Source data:
+--
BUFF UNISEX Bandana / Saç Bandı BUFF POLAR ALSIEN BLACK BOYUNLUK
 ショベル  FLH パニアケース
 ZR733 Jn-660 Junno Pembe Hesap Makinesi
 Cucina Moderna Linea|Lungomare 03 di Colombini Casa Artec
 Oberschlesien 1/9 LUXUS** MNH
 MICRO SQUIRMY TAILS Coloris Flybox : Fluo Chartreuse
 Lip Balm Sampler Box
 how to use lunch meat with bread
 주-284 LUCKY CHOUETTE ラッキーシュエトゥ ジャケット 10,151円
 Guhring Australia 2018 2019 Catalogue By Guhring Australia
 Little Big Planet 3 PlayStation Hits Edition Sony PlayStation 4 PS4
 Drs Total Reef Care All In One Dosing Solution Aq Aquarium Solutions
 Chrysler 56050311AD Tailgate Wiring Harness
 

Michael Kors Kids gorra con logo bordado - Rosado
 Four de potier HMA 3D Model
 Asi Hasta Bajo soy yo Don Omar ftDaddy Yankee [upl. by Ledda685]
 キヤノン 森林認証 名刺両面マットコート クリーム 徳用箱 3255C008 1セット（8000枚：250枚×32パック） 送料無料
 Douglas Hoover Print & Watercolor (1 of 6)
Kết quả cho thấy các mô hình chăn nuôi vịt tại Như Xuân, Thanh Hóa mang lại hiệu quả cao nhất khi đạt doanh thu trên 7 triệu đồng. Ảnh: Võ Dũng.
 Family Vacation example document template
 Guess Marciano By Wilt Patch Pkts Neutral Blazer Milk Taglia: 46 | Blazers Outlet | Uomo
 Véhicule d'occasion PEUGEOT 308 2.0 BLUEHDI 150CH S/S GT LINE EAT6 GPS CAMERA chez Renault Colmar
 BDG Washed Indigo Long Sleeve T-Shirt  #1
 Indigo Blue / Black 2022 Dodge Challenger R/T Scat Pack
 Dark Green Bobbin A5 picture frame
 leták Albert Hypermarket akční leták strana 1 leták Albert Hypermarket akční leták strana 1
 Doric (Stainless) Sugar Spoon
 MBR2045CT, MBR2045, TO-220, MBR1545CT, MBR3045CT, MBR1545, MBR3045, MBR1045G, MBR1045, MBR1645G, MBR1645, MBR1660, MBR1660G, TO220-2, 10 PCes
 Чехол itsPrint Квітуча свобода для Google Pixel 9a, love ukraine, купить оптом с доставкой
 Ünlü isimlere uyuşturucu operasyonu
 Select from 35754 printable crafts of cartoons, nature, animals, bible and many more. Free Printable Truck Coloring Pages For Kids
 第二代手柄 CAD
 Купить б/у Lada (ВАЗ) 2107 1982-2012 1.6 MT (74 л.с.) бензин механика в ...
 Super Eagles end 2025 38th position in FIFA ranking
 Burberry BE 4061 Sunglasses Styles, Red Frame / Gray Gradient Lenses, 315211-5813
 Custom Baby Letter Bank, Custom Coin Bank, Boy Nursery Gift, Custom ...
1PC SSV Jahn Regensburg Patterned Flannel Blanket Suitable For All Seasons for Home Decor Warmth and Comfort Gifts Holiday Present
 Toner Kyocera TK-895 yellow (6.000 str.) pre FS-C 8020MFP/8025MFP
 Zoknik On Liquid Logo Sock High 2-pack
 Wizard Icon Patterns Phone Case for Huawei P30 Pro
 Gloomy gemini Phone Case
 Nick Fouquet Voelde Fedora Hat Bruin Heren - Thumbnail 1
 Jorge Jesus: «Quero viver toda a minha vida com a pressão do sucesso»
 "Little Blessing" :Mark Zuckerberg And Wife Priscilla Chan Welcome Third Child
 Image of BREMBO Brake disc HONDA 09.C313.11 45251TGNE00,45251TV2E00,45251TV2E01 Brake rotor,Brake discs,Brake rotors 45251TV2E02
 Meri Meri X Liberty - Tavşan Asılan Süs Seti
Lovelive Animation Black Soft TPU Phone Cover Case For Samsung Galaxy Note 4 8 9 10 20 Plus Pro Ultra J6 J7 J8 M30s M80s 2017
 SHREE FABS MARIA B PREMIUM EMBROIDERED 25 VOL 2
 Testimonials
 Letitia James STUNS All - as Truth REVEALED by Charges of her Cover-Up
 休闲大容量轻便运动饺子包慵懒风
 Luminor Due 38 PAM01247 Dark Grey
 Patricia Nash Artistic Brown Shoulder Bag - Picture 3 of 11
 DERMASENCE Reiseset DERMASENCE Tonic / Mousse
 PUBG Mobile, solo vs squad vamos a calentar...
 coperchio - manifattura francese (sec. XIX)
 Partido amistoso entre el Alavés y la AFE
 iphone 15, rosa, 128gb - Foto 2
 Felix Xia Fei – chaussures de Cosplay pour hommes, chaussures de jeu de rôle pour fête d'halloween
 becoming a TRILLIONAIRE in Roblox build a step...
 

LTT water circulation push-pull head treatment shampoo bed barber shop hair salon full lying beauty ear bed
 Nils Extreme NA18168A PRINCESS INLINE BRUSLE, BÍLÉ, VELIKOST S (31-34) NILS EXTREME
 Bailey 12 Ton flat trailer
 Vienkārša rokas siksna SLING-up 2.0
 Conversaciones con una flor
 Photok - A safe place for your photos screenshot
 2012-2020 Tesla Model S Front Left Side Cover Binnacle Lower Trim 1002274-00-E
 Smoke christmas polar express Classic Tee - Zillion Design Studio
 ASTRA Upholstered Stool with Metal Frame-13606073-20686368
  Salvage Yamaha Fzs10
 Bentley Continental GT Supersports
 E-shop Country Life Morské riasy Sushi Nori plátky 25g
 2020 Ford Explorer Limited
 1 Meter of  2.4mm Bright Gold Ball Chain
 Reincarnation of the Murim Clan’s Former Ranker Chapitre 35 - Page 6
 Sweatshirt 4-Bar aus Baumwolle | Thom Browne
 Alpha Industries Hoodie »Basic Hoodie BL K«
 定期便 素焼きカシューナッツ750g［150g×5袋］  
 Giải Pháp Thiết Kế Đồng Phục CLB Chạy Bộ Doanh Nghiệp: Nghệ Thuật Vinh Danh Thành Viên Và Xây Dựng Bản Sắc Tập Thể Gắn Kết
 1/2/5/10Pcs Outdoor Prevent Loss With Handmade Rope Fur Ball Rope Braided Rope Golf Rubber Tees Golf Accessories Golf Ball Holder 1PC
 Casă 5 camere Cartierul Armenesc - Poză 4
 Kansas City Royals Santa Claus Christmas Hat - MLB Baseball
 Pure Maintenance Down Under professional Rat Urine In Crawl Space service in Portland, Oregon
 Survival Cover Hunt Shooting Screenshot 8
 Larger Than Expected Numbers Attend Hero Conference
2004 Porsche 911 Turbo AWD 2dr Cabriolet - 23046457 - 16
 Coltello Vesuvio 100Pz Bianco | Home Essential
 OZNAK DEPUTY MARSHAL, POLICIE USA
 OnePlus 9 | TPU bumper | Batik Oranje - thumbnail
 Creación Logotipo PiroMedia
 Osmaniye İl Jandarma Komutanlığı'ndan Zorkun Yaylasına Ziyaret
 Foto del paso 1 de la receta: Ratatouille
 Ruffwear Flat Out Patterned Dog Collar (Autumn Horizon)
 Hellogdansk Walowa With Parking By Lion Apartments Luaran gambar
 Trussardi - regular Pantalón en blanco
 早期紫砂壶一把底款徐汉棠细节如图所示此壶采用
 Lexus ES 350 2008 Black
+--
PROBLEM STATEMENT - Please print the data above exactly as it appears.

YOUR SOLUTION -
BUFF UNISEX Bandana / Saç Bandı BUFF POLAR ALSIEN BLACK BOYUNLUK
 ショベル  FLH パニアケース
 ZR733 Jn-660 Junno Pembe Hesap Makinesi
 Cucina Moderna Linea|Lungomare 03 di Colombini Casa Artec
 Oberschlesien 1/9 LUXUS** MNH
 MICRO SQUIRMY TAILS Coloris Flybox : Fluo Chartreuse
 Lip Balm Sampler Box
 how to use lunch meat with bread
 주-284 LUCKY CHOUETTE ラッキーシュエトゥ ジャケット 10,151円
 Guhring Australia 2018 2019 Catalogue By Guhring Australia
 Little Big Planet 3 PlayStation Hits Edition Sony PlayStation 4 PS4
 Drs Total Reef Care All In One Dosing Solution Aq Aquarium Solutions
 Chrysler 56050311AD Tailgate Wiring Harness
 

Michael Kors Kids gorra con logo bordado - Rosado
 Four de potier HMA 3D Model
 Asi Hasta Bajo soy yo Don Omar ftDaddy Yankee [upl. by Ledda685]
 キヤノン 森林認証 名刺両面マットコート クリーム 徳用箱 3255C008 1セット（8000枚：250枚×32パック） 送料無料
 Douglas Hoover Print & Watercolor (1 of 6)
Kết quả cho thấy các mô hình chăn nuôi vịt tại Như Xuân, Thanh Hóa mang lại hiệu quả cao nhất khi đạt doanh thu trên 7 triệu đồng. Ảnh: Võ Dũng.
 Family Vacation example document template
 Guess Marciano By Wilt Patch Pkts Neutral Blazer Milk Taglia: 46 | Blazers Outlet | Uomo
 Véhicule d'occasion PEUGEOT 308 2.0 BLUEHDI 150CH S/S GT LINE EAT6 GPS CAMERA chez Renault Colmar
 BDG Washed Indigo Long Sleeve T-Shirt  #1
 Indigo Blue / Black 2022 Dodge Challenger R/T Scat Pack
 Dark Green Bobbin A5 picture frame
 leták Albert Hypermarket akční leták strana 1 leták Albert Hypermarket akční leták strana 1
 Doric (Stainless) Sugar Spoon
 MBR2045CT, MBR2045, TO-220, MBR1545CT, MBR3045CT, MBR1545, MBR3045, MBR1045G, MBR1045, MBR1645G, MBR1645, MBR1660, MBR1660G, TO220-2, 10 PCes
 Чехол itsPrint Квітуча свобода для Google Pixel 9a, love ukraine, купить оптом с доставкой
 Ünlü isimlere uyuşturucu operasyonu
 Select from 35754 printable crafts of cartoons, nature, animals, bible and many more. Free Printable Truck Coloring Pages For Kids
 第二代手柄 CAD
 Купить б/у Lada (ВАЗ) 2107 1982-2012 1.6 MT (74 л.с.) бензин механика в ...
 Super Eagles end 2025 38th position in FIFA ranking
 Burberry BE 4061 Sunglasses Styles, Red Frame / Gray Gradient Lenses, 315211-5813
 Custom Baby Letter Bank, Custom Coin Bank, Boy Nursery Gift, Custom ...
1PC SSV Jahn Regensburg Patterned Flannel Blanket Suitable For All Seasons for Home Decor Warmth and Comfort Gifts Holiday Present
 Toner Kyocera TK-895 yellow (6.000 str.) pre FS-C 8020MFP/8025MFP
 Zoknik On Liquid Logo Sock High 2-pack
 Wizard Icon Patterns Phone Case for Huawei P30 Pro
 Gloomy gemini Phone Case
 Nick Fouquet Voelde Fedora Hat Bruin Heren - Thumbnail 1
 Jorge Jesus: «Quero viver toda a minha vida com a pressão do sucesso»
 "Little Blessing" :Mark Zuckerberg And Wife Priscilla Chan Welcome Third Child
 Image of BREMBO Brake disc HONDA 09.C313.11 45251TGNE00,45251TV2E00,45251TV2E01 Brake rotor,Brake discs,Brake rotors 45251TV2E02
 Meri Meri X Liberty - Tavşan Asılan Süs Seti
Lovelive Animation Black Soft TPU Phone Cover Case For Samsung Galaxy Note 4 8 9 10 20 Plus Pro Ultra J6 J7 J8 M30s M80s 2017
 SHREE FABS MARIA B PREMIUM EMBROIDERED 25 VOL 2
 Testimonials
 Letitia James STUNS All - as Truth REVEALED by Charges of her Cover-Up
 休闲大容量轻便运动饺子包慵懒风
 Luminor Due 38 PAM01247 Dark Grey
 Patricia Nash Artistic Brown Shoulder Bag - Picture 3 of 11
 DERMASENCE Reiseset DERMASENCE Tonic / Mousse
 PUBG Mobile, solo vs squad vamos a calentar...
 coperchio - manifattura francese (sec. XIX)
 Partido amistoso entre el Alavés y la AFE
 iphone 15, rosa, 128gb - Foto 2
 Felix Xia Fei – chaussures de Cosplay pour hommes, chaussures de jeu de rôle pour fête d'halloween
 becoming a TRILLIONAIRE in Roblox build a step...
 

LTT water circulation push-pull head treatment shampoo bed barber shop hair salon full lying beauty ear bed
 Nils Extreme NA18168A PRINCESS INLINE BRUSLE, BÍLÉ, VELIKOST S (31-34) NILS EXTREME
 Bailey 12 Ton flat trailer
 Vienkārša rokas siksna SLING-up 2.0
 Conversaciones con una flor
 Photok - A safe place for your photos screenshot
 2012-2020 Tesla Model S Front Left Side Cover Binnacle Lower Trim 1002274-00-E
 Smoke christmas polar express Classic Tee - Zillion Design Studio
 ASTRA Upholstered Stool with Metal Frame-13606073-20686368
  Salvage Yamaha Fzs10
 Bentley Continental GT Supersports
 E-shop Country Life Morské riasy Sushi Nori plátky 25g
 2020 Ford Explorer Limited
 1 Meter of  2.4mm Bright Gold Ball Chain
 Reincarnation of the Murim Clan’s Former Ranker Chapitre 35 - Page 6
 Sweatshirt 4-Bar aus Baumwolle | Thom Browne
 Alpha Industries Hoodie »Basic Hoodie BL K«
 定期便 素焼きカシューナッツ750g［150g×5袋］  
 Giải Pháp Thiết Kế Đồng Phục CLB Chạy Bộ Doanh Nghiệp: Nghệ Thuật Vinh Danh Thành Viên Và Xây Dựng Bản Sắc Tập Thể Gắn Kết
 1/2/5/10Pcs Outdoor Prevent Loss With Handmade Rope Fur Ball Rope Braided Rope Golf Rubber Tees Golf Accessories Golf Ball Holder 1PC
 Casă 5 camere Cartierul Armenesc - Poză 4
 Kansas City Royals Santa Claus Christmas Hat - MLB Baseball
 Pure Maintenance Down Under professional Rat Urine In Crawl Space service in Portland, Oregon
 Survival Cover Hunt Shooting Screenshot 8
 Larger Than Expected Numbers Attend Hero Conference
2004 Porsche 911 Turbo AWD 2dr Cabriolet - 23046457 - 16
 Coltello Vesuvio 100Pz Bianco | Home Essential
 OZNAK DEPUTY MARSHAL, POLICIE USA
 OnePlus 9 | TPU bumper | Batik Oranje - thumbnail
 Creación Logotipo PiroMedia
 Osmaniye İl Jandarma Komutanlığı'ndan Zorkun Yaylasına Ziyaret
 Foto del paso 1 de la receta: Ratatouille
 Ruffwear Flat Out Patterned Dog Collar (Autumn Horizon)
 Hellogdansk Walowa With Parking By Lion Apartments Luaran gambar
 Trussardi - regular Pantalón en blanco
 早期紫砂壶一把底款徐汉棠细节如图所示此壶采用
 Lexus ES 350 2008 Black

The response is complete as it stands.